It rained hard last night. I rejoiced, glad that it was raining and even gladder that I had just planted some fall crops–broccoli and cauliflower in the beds where the now-bolting lettuce and peas very recently were, plus a smattering of radishes and some baby spinach. And six more green beans, though I doubt anything will come of them.

This morning I went out to the garden before work to check on things and did not rejoice: four of my bamboo-staked tomatoes had fallen over. My work pants are now dotted with wet dirt from where dirt had splashed on tomato leaves. I snapped the top off the Cherokee Purple plant getting it back upright–it needed it anyway, but some flowers came off with it and that made me sad.

Tonight I’ll be checking out the support situation more thoroughly. If nothing else, I have some fallen tree branches I could tie to the stakes as necessary for extra support. I haven’t come this far to be stymied by mechanical errors.

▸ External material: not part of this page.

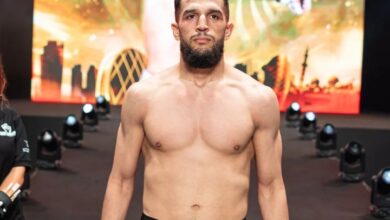 The Inspirational Story Of Dr. Souhil Tahiri: Pro MMA Fighter & PhD In Mathematics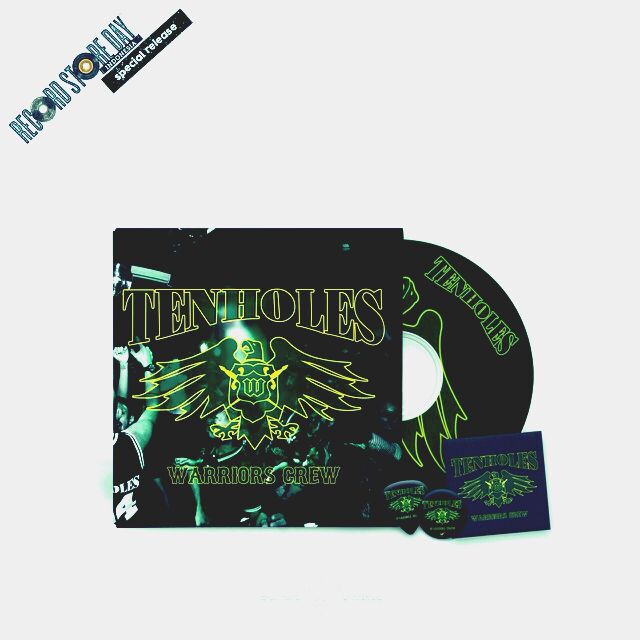 Warriors Crew ft. Adhitya Murti
Warriors Records (2015)
Digipack CD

I love serendipity. I made a gorgeous quinoa salad last night, with tomatoes and corn and black beans and herbs from the garden (I will be so sad when winter arrives and no fresh herbs are to be had–though my friend tells me freezing them works well). I’ve never had quinoa before, except for an ill-fated experiment in which I didn’t cook it properly, and it turns out I adore it. It’s tasty and pretty and has a good texture.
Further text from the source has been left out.